Ogni giorno di felicità è una poesia che muore
C’è un abisso che va dall’amore alla nostalgia ed al senso freddo ed umidiccio dell’abbandono. In questo abisso - una sorta di girone dantesco di dannati col cuore senza fissa dimora - galleggiano frattaglie di solitudini e lontananze che portano ad incrociare parole per dare un nome alle cose in modo pratico ed essenziale. Si intrecciano amori timidi, si regalano ferite infiocchettate di ovvietà, si costruiscono storie incastrando ipotesi e sperando che davvero poi vada cosi: “Arriverà una notte in cui/ senza più dubbi/ saprai che m’ami/ mi vorrai con te/ addirittura avrai bisogno di me/ -cosa peraltro poco pratica-/ E mi cercherai/ Io in quel momento, approfittando del propizio/ magnetismo terrestre/ sarò solo/ a preparare del pane”. Si smarriscono strade presi da una vertigine da cui si vuole tornare indietro dopo che, disorientati, si è caduti dai propri piedi seguendo un’allucinazione di aerei crollati, di massicci d’oro, di prigioni: “E quindi dimmi/ dove posso trovare una fine/ che sia bella/ un orizzonte che non sia fosco/ una traiettoria che non sia proiettile/ una speranza, anche usata/ come scialletto/ per le serate di vento”…

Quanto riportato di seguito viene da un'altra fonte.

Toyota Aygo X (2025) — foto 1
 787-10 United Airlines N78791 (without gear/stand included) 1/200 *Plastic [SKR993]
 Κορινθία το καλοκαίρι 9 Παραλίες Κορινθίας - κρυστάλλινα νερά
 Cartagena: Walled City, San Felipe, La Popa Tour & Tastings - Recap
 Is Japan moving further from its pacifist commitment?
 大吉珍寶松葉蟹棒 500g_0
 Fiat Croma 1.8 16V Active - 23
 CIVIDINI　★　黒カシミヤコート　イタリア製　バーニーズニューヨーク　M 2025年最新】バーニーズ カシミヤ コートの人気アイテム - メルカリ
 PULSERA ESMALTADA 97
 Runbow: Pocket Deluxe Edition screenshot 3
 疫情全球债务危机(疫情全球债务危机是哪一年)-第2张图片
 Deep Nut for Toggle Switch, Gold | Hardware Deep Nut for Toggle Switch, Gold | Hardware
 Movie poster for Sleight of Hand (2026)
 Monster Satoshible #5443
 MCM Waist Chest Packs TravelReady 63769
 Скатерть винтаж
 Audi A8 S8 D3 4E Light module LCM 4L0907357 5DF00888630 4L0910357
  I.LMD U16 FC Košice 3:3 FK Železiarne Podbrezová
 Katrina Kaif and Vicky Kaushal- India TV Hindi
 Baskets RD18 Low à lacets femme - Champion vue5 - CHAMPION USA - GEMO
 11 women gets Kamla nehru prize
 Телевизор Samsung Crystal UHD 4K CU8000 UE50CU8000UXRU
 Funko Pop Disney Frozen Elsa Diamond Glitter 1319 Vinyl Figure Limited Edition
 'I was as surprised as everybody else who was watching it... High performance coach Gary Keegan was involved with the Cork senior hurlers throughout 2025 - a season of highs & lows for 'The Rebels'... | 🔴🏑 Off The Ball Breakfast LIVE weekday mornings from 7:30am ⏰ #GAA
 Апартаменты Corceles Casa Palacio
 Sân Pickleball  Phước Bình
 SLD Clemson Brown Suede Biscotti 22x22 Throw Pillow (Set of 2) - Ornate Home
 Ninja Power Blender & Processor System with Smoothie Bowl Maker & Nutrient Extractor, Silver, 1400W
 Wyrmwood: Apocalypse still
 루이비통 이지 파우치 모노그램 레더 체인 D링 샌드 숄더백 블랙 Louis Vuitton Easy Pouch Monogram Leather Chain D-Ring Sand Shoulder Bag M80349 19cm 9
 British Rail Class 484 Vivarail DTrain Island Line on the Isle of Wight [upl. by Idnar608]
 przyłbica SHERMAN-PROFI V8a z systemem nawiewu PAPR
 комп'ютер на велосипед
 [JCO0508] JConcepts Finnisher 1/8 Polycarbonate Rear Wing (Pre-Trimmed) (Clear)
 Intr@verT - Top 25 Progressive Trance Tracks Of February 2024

La poesia o è triste o non è. Ogni giorno felice ne ammazza una, ogni giorno triste è florido e fecondo di versi. Versi che fanno il rumore di tibie sbattute tra loro; di teschi che rotolano bellamente lungo un piano inclinato. Poesia è il rumore del vetro che si infrange, lo scoppio improvviso di una fucilata cieca. E questo fa Talarico, sparare fucilate e infrangere vetri attento a spargerne i cocci in giro perché noi incauti lettori possiamo tagliarci i piedi  sprovvisti, come siamo, della grazia dei fachiri. Ma c’è di più, in questo sparpagliare fa esercizio di ironia sottile e non si abbandona a facili luoghi comuni crepuscolari: la vita è triste, sì, e questa è una raccolta di cose tristi, certo, ma fuori da una forma convenzionale di luttuosa commiserazione. C’è, in questo susseguirsi di vetri che si spaccano sotto i talloni, in questo sibilare di proiettili che tocca schivare come si fosse Matrix, una ricerca non formale delle immagini, una vertigine, quella sì, liberatoria e catartica che abbaglia per una manciata di secondi come succede con un flash sparato in faccia. Parole e visioni si incastrano dopo essersi rincorse, girate intorno ed abbracciate definitivamente in una maniera tale che non solo esista il verso, ma anche la sua fotografia.